On 2/9/19 12:03 PM, Alex. F. Burr via Phys-l wrote:

From the point of view of non-professional physics, I can apply a
force and get an acceleration.

OK.

I cannot apply an acceleration and get a force.

Actually you can do that, too.

In an ordinary centrifuge, you control the rotation rate
and therefore control the acceleration. Given the mass
and the acceleration, you can infer the force.

Most of the time, in the context of the basic laws of
mechanics, when a student (or anybody else) asks
"why xxx" the best response is not "because yyy".
Instead, it is better to interpret it as "how do we
know xxx" or "how could we have predicted xxx".

Galileo famously divorced physics from philosophy:

The present does not seem to me to be an opportune time to enter into
the investigation of the cause of the acceleration of natural motion,
concerning which various philosophers have produced various opinions
.... Such fantasies, and others like them, would have to be examined
and resolved, with little gain. For the present, it suffices .... to
say that in equal times, equal additions of speed are made.

That is considered Day One of modern science. Newton, having
gone to school on Galileo, made the same point more tersely.
When asked /why/ gravity behaved as it did, he said

"Hypotheses non fingo."

To repeat:
++ "How can we predict the trajectory" is a scientific question.
-- "Why does it move" is not.

===============

On 2/9/19 8:09 AM, Steve Spicklemire via Phys-l wrote:

If I throw a ball in the air, I feel it’s reasonable to say that
something “causes” it to come down.
Most of the time when I throw a ball, it goes /up/ for a while
before it comes down. What "causes" it to go up?

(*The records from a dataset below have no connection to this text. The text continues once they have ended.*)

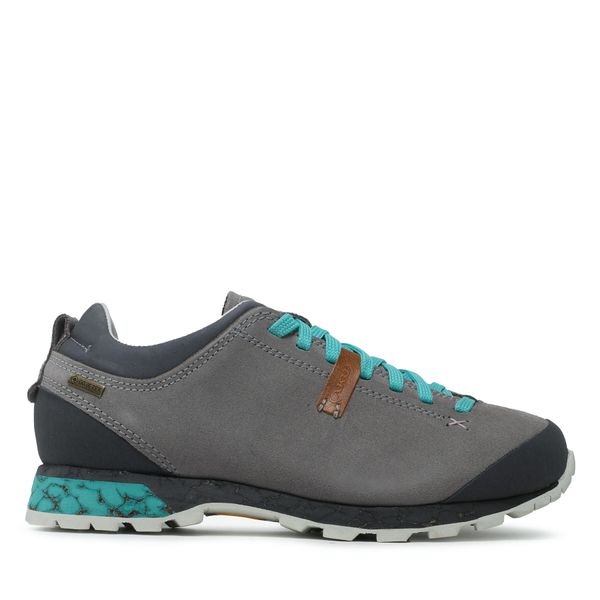 Aku Trekking Aku Bellamont 3 Suede Gw 520.3 Grey/Jade 693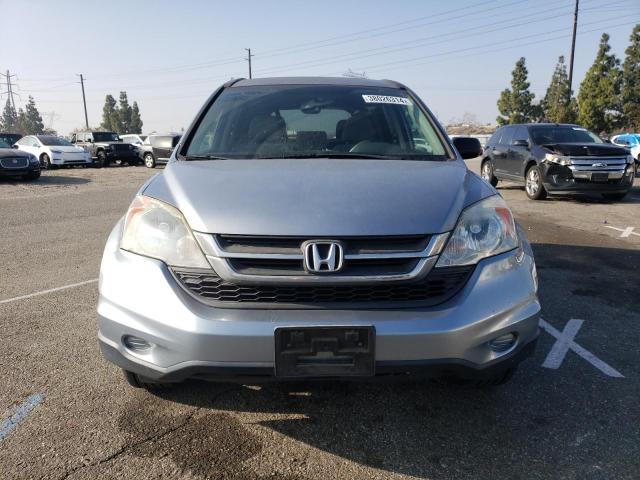 5J6RE3H41BL032677 - 2011 HONDA CR-V SE BLUE photo 5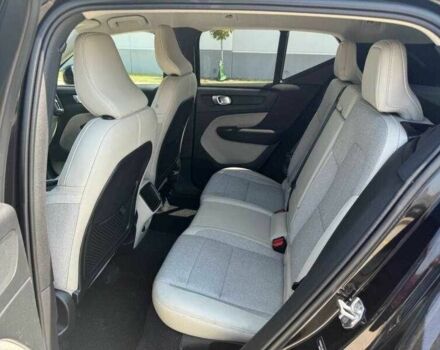 Черный Вольво Другая, объемом двигателя 2 л и пробегом 43 тыс. км за 6200 $, фото 11 на Automoto.ua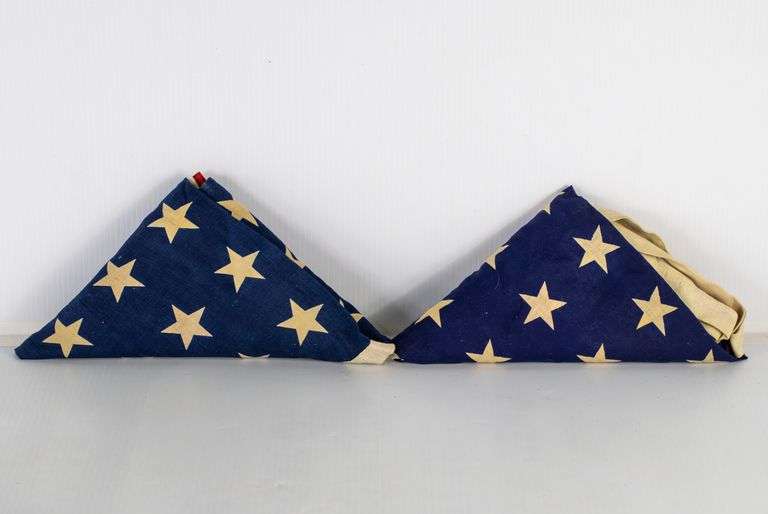 American Flags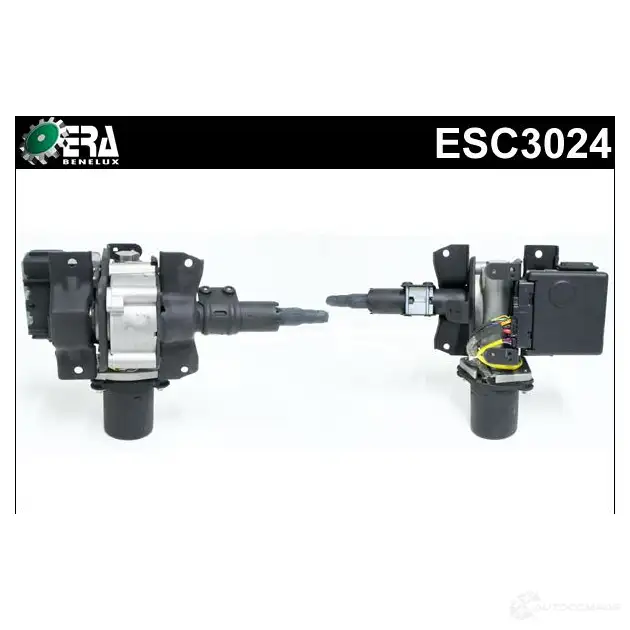 Рулевая колонка ERA BENELUX 1886090 0ZVB TNR 5415047090313 esc3024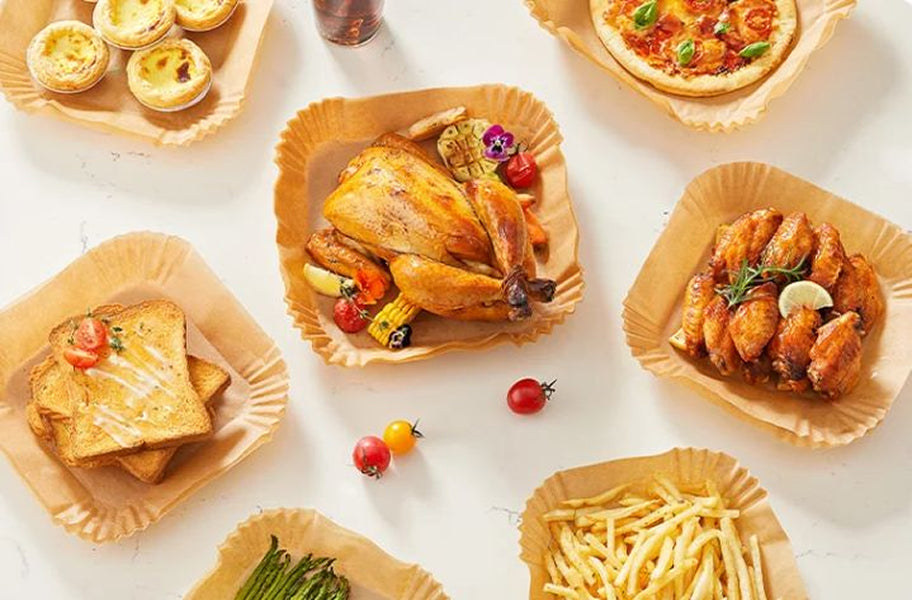 Parchment Paper in the Air Fryer: What You Need to Know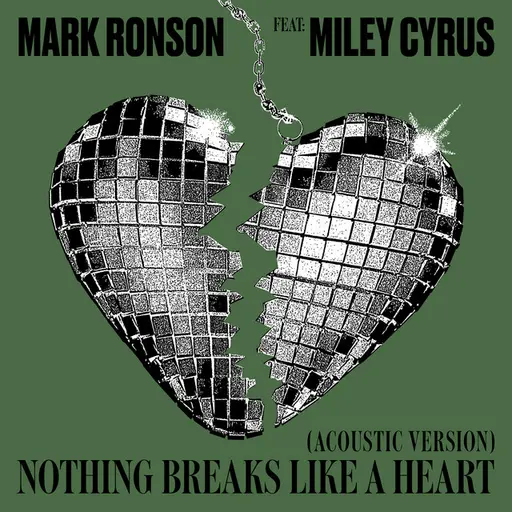 Nothing Breaks Like a Heart (Acoustic Version) • Cały album • Wszystkie utwory • Wykonawca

Also, consider a pendulum. Neglect damping for a moment. It
goes down, and then it goes up again, then down again ........
Similarly, consider planetary orbits. They are a well-known
example with very low damping.

I vote with Galileo on this one.
The basic laws of mechanics say what happens.
They may or may not say how it happens.
The almost never say why it happens.

===============

Very commonly, this is taught wrongly in science classes, at
every level from third grade on up. In accordance with government
standards, students are taught to say a ball rolls downhill
"because" the energy is lower at the bottom. This is BS. In
the absence of friction, the ball will roll downhill and then
roll up the hill on the other side of the valley. If you want
it to roll down and /stay/ down, you need friction, and you
need to explain spontaneity, irreversibility, equilibrium, etc.
in terms of /entropy/ not energy. (You can construct situations
where the energy of one thing is a proxy for the entropy of
something else, but this is definitely not the general case.)